DIRECTIONS ▸ Pictures in the listing should not be copied. Reproduce, word for word, each line from the one holding "Vince Camuto Caliope" through the final line.

GIVEN DATA ▸
= = = = =

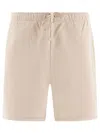 Polo Ralph Lauren Shorts In Neutral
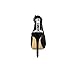 Vince Camuto Caliope Open-Toe Suede Slingback Heel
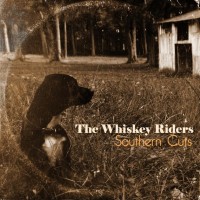 The Whiskey Riders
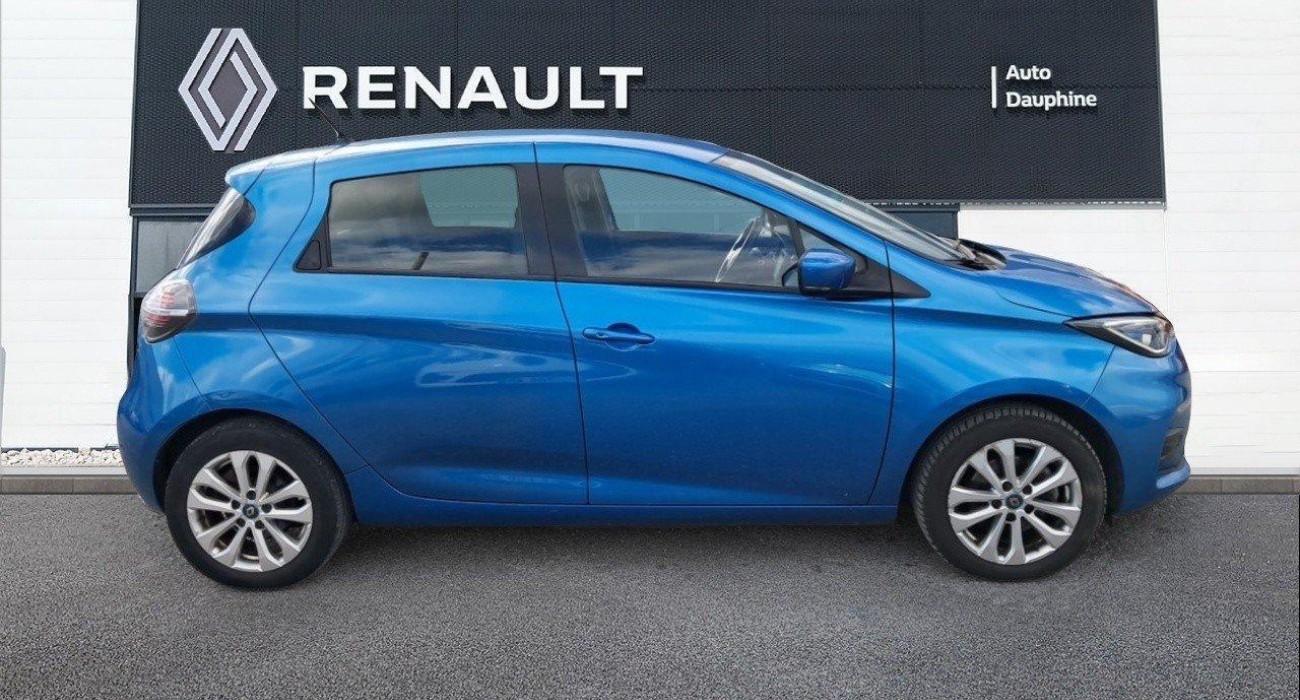 Renault ZOE R110 Achat Intégral Zen 2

= = = = =

SOLUTION TO THE PROBLEM ▸
 Vince Camuto Caliope Open-Toe Suede Slingback Heel
 The Whiskey Riders
 Renault ZOE R110 Achat Intégral Zen 2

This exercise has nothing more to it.